A few words as to how to go to work to cultivate and establish faith. You can cultivate faith as well as you can cultivate a plant, or anything else. If you intended to study chemistry or mathematics, the first thing that you would do would be to get a good book on chemistry or a good book on mathematics. The best textbook on a living and powerful faith is the Bible. Study the words of the greatest metaphysician who ever lived, the one of the most powerful faith. Get a little blank book, examine the words spoken by Jesus in each case where a person came to Him for healing; note each time He said, in substance, "If thou canst believe; it shall be unto thee according to thy faith." Note His every reference to faith. Write down and underline the verse that says, "All things whatsoever ye pray and ask for, believe that ye receive them, and ye shall have them [if you can see them as spiritual realities]." If the statement, "If thou canst believe," is a truth more real to you than anything that the objective senses say, then "thou shalt have." "All things are possible to him that believeth."

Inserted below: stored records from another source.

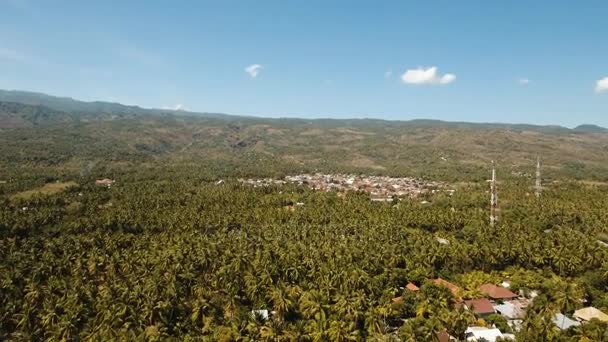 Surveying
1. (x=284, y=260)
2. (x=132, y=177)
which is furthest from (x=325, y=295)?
(x=132, y=177)

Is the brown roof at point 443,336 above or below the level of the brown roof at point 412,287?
above

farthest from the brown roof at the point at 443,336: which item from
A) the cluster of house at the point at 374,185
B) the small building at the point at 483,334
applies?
the cluster of house at the point at 374,185

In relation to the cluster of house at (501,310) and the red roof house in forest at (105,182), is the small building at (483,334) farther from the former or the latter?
the red roof house in forest at (105,182)

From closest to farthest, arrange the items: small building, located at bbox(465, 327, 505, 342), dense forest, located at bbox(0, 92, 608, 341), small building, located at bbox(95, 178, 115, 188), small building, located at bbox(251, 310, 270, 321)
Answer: small building, located at bbox(465, 327, 505, 342) < dense forest, located at bbox(0, 92, 608, 341) < small building, located at bbox(251, 310, 270, 321) < small building, located at bbox(95, 178, 115, 188)

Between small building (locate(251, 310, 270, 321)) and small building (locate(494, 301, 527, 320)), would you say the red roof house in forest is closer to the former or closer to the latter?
small building (locate(251, 310, 270, 321))

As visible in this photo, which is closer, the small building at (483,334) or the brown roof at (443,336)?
the brown roof at (443,336)

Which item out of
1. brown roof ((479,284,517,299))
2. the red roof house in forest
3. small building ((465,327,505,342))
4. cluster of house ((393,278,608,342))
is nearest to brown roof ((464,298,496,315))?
cluster of house ((393,278,608,342))

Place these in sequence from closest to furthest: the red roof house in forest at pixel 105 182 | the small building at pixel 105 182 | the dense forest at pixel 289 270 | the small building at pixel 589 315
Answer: the dense forest at pixel 289 270 → the small building at pixel 589 315 → the small building at pixel 105 182 → the red roof house in forest at pixel 105 182

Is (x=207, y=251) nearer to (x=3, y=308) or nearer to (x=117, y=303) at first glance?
(x=117, y=303) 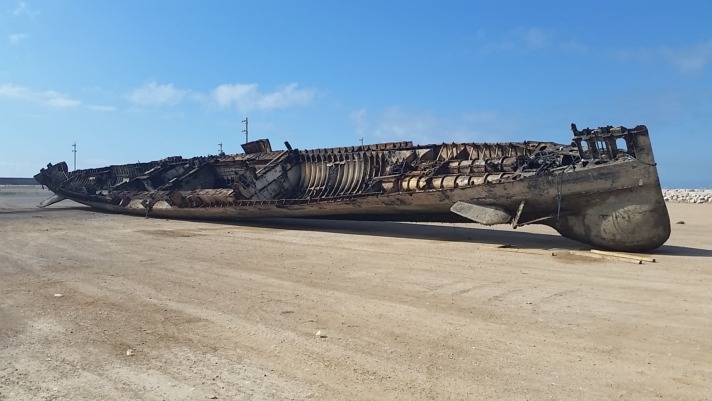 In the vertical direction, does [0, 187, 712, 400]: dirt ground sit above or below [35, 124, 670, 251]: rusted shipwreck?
below

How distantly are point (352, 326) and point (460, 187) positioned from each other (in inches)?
329

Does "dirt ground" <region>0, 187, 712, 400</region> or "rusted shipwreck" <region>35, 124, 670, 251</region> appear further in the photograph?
"rusted shipwreck" <region>35, 124, 670, 251</region>

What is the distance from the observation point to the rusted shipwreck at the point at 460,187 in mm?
11936

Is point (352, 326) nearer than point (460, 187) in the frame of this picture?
Yes

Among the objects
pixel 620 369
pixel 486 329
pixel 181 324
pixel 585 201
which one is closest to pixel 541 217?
pixel 585 201

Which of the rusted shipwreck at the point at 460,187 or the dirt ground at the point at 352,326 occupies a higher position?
the rusted shipwreck at the point at 460,187

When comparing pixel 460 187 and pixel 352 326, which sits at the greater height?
pixel 460 187

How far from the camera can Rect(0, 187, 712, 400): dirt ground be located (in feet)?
14.3

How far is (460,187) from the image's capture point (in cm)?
1373

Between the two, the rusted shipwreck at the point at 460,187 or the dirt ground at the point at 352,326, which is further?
the rusted shipwreck at the point at 460,187

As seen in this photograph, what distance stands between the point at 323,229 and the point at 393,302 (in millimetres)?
11322

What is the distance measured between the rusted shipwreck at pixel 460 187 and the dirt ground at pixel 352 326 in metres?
1.30

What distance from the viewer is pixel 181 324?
6156 millimetres

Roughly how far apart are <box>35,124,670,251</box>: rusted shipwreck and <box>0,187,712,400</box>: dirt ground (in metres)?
1.30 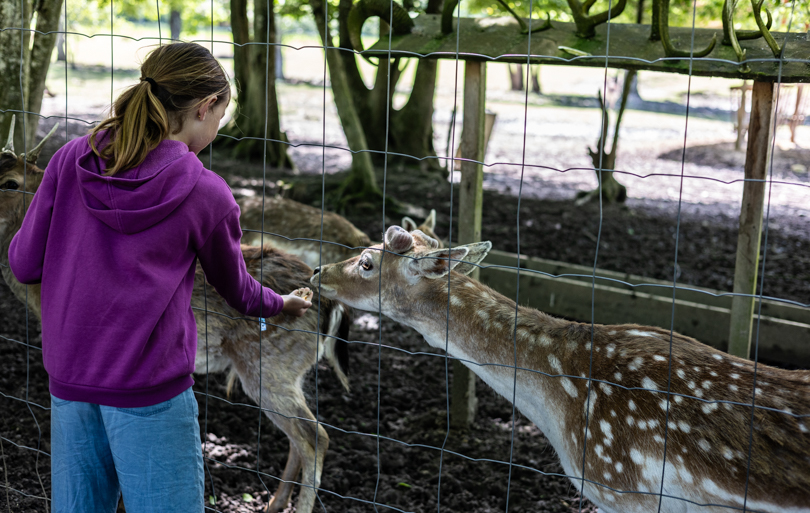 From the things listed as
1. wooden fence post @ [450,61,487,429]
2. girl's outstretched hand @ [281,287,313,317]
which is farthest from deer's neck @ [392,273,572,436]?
wooden fence post @ [450,61,487,429]

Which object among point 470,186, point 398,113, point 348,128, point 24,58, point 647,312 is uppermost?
point 398,113

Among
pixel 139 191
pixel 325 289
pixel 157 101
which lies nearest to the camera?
pixel 139 191

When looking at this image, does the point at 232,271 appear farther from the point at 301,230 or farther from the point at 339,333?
the point at 301,230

When you have noted all these verses, turn to the 3d chapter of the Epistle to the Romans, and read what it says on the law of faith. Learn to understand that it is a definite, positive, fixed law; a law as definite as the law of mathematics; as definite and unfailing as the law of chemistry, or the law of electricity, or any other law. Write down what Paul says about the law of faith. In the 4th chapter he calls your attention to Abraham, and why Abraham was called "the father of the faithful." Do you want to know why he calls your attention to Abraham? First read this chapter, and then turn to the 17th chapter of Genesis, in which is recorded God's promise to Abraham, "Thou shalt be the father of a multitude of nations." Then in the very next verse the tense is changed and the verse reads, "For the father of a multitude of nations have I made thee." Abraham did not have a child for years after that; but from that moment he never questioned. From that moment he spoke of himself as a father of many nations; never questioned the promise at all — a father of many nations.

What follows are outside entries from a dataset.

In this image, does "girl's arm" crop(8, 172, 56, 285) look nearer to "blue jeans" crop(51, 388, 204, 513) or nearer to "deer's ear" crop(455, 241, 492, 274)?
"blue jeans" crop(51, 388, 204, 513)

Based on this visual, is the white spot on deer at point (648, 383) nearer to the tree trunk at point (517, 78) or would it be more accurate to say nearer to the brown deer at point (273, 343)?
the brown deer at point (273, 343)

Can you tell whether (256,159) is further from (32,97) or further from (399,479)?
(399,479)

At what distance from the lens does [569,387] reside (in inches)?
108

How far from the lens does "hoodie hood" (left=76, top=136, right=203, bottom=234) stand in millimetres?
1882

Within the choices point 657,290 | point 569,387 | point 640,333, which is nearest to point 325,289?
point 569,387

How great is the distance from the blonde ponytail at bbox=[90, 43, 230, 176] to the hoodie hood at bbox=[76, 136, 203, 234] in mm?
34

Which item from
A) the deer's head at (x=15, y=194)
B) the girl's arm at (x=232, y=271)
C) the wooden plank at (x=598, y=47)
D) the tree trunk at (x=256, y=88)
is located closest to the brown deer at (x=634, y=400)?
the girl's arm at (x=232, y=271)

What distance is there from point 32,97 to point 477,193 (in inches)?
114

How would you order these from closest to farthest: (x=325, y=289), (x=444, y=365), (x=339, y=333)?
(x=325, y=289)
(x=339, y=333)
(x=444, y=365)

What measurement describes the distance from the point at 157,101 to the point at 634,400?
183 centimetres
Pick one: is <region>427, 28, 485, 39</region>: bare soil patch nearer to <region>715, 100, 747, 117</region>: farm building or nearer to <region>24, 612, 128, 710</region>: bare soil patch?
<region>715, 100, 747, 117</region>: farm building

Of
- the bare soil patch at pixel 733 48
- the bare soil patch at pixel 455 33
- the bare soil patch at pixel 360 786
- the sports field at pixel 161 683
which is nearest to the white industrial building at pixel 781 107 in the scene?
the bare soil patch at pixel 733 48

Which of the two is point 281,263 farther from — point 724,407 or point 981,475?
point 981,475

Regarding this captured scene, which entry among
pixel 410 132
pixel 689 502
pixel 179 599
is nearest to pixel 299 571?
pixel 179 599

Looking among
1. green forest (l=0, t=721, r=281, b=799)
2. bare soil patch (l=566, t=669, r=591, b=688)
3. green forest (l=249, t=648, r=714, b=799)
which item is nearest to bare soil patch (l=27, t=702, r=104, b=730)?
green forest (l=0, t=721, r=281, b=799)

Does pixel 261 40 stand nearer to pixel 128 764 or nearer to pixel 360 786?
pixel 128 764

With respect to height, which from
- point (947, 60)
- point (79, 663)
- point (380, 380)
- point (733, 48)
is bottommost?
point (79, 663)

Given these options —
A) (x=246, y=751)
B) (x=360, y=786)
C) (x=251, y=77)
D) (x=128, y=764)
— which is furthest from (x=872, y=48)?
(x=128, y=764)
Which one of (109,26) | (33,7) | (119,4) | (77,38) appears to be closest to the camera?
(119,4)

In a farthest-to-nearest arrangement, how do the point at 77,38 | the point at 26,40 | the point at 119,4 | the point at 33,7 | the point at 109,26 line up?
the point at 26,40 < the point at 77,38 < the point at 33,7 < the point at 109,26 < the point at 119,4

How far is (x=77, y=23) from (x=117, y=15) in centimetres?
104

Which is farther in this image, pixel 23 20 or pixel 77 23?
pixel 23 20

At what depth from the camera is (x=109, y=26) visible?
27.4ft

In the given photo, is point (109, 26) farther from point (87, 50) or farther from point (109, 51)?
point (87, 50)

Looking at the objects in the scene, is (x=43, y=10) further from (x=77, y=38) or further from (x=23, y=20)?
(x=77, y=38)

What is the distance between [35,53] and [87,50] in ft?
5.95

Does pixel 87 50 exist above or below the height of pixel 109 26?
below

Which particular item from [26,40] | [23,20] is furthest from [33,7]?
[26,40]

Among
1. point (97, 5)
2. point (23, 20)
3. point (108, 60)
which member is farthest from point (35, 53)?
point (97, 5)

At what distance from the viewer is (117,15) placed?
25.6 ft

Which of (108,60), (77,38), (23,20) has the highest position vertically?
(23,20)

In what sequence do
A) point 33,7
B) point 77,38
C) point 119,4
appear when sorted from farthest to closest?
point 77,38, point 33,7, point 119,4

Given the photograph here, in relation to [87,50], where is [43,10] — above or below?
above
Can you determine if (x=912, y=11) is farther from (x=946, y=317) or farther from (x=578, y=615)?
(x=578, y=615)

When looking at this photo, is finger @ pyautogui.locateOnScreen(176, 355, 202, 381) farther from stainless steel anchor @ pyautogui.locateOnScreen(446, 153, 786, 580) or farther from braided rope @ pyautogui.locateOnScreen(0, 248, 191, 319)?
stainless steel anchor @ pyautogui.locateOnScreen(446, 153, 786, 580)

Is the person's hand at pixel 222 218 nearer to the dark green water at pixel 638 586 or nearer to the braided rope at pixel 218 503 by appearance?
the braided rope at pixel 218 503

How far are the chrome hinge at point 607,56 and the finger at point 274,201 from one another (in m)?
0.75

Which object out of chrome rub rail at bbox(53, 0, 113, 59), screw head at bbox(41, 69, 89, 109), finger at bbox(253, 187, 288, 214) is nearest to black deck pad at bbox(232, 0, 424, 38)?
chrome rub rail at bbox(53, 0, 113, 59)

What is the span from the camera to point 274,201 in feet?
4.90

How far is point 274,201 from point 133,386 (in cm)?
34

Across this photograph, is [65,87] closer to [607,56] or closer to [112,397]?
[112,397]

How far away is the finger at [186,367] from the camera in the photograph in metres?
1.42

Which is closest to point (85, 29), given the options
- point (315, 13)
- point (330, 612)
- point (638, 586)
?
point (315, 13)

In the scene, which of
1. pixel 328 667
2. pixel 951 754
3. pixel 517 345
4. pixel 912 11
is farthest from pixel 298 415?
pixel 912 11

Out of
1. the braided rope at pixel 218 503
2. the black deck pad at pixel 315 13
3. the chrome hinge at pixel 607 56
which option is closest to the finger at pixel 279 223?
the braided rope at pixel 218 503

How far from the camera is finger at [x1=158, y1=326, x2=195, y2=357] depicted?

Go over that chapter carefully, then turn to the 11th chapter of Hebrews and you will note: By faith they "stopped the mouths of lions, quenched the power of fire," and by faith did a great many things that you can do today. You can do these things if you know how. To learn how, you must get into conscious union with God, the one and only power. You must believe that the thing that you desire is already yours. All things are yours; "all things are possible to him that believeth," and "nothing shall in any wise hurt you." Yours are the

"Things which eye saw not, and ear heard not,
And which entered not into the heart of man,
Whatsoever things God prepared for them that love him."